I had imagined a wonderful book tour, but we’re poets and it was a poetry press, so it wasn’t like there were thousands of dollars to take me on that tour. I had been saving money to do my own tour. So it was bittersweet not being able to present the book in person, because one of the wonderful things for me about Book Fair is how it builds community. I love being immersed in an audience and sitting in front of four poets, for example, who are so diverse in their points of view and the forms they work in – and the issues and topics they work – and having conversations with them.
Your second poetry collection will be published soon – tell me about it.

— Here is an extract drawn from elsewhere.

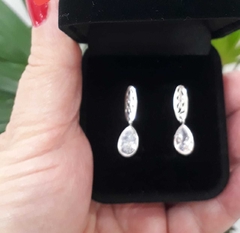BRINCO PRATA GOTA DE  ZIRCONIA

It’s called Bound and it’s coming out in January. It was born in 2020; I was finishing up my MFA at the University of Miami. We left for spring break and about four days before classes started again, we were informed that we should not come back. So we had to learn a whole new set of protocols to hold class virtually. That was shocking, and then I didn’t actually have a graduation (ceremony), obviously, because we were still in the pandemic. I think that, and the events surrounding the murder of George Floyd, weighed on me heavily. And about 10 days after Floyd’s murder I had a panic attack.

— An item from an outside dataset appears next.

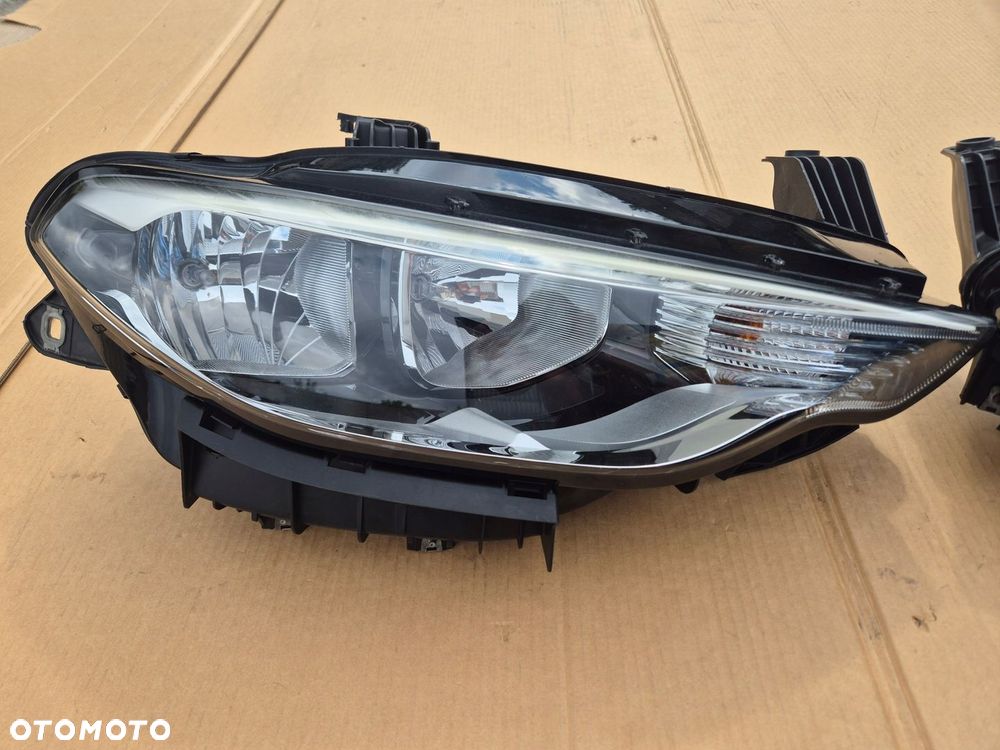 Fiat Tipo 2 lampa prawa i lewa.OE MOPAR. H-15 - 3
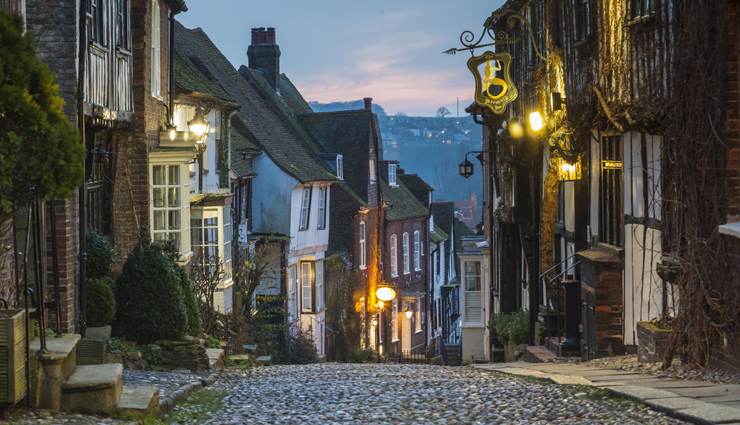 uk,southwold,bibury,hawkshead,beer,lavenham,castle combe,rey,small towns in uk,beautiful towns to visit in uk,uk,places to visit in uk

Was that the first one you’d ever had?
That was the first. I started hyperventilating, I couldn’t regulate my breathing, I was sweating. … Eventually I was able to slow my breathing back down. And I guess it was a combination of post-MFA fatigue, the pandemic, and George Floyd, but I didn’t, I couldn’t write another poem, another word, for the next six months. Then the night before the presidential election I thought to myself, “You know what? You’re gonna have to find a way to survive and keep writing, no matter how this election turns out,” and I wrote a poem. And from there till about June of the next year, I was a poetry machine. I wrote dozens; I had about 60, 70, poems, and I sent them to an editor I know, Lillian-Yvonne Bertram – they’ve had success in their own right and just dropped a new collection, Negative Money – to see if I had something. And Lillian said it could be something, gave me extensive thoughts about every poem, thoughts about ordering and themes, and that’s how Bound came to be.

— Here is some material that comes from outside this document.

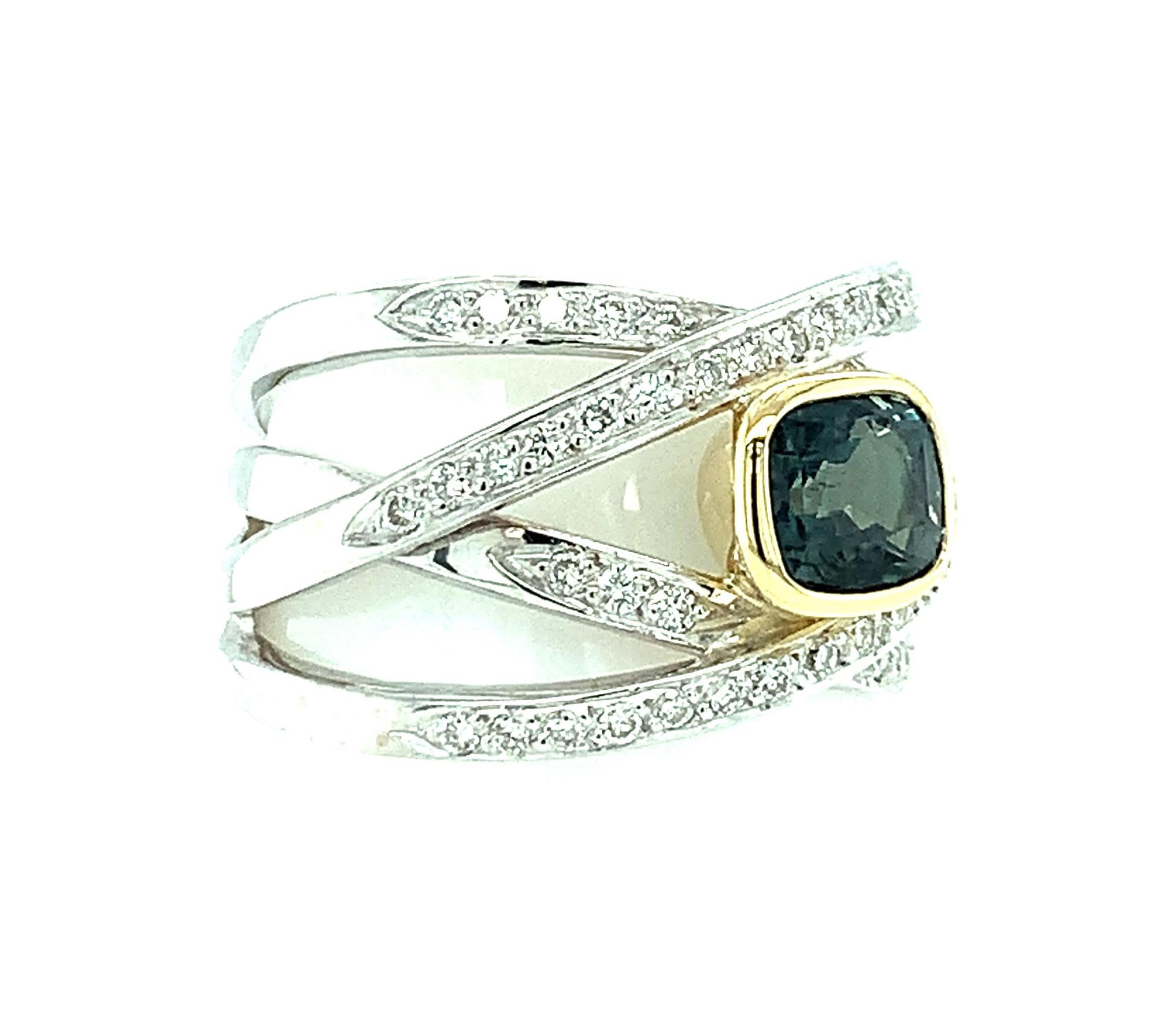 1.58 Carat GIA Certified Alexandrite and Diamond Cocktail Ring in 18k Gold In New Condition For Sale In Los Angeles, CA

There are a lot of themes about queerness and pleasure in the collection, because I think what came out of the entire experience of the pandemic and George Floyd is that we have to find ways to survive and thrive, no matter what the external world is doing. We have to build our own safe – and welcoming and celebratory – creative spaces. I wasn’t writing so much about the trauma we had all collectively experienced, I was writing toward some different iteration of myself and the world.
What’s the last great book you read, and what are you looking forward to?
There are two books that inspired me when writing Bound. The first is Pleasure Activism: The Politics of Feeling Good by adrienne maree brown. That’s about how the seeking of pleasure is an inherent right – we don’t have to deprive ourselves of it – and how it is liberatory, freeing, forward thinking, and can help us build worlds. It’s a collection of essays, most written by her. The other book that was very helpful to me is by Melissa Febos, Bodywork: The Radical Power of Personal Narrative. It gave me a very freeing feeling in terms of how and what I could write about.
Besides Lillian’s new book, I’m looking forward to The Ferguson Report: An Erasure by Nicole Sealey, and Pig by sam sax.
You’ll be able to see both Nicole and sam at the fair this year!
Interview by Elisa Chemayne Agostinho; responses have been edited for space and clarity.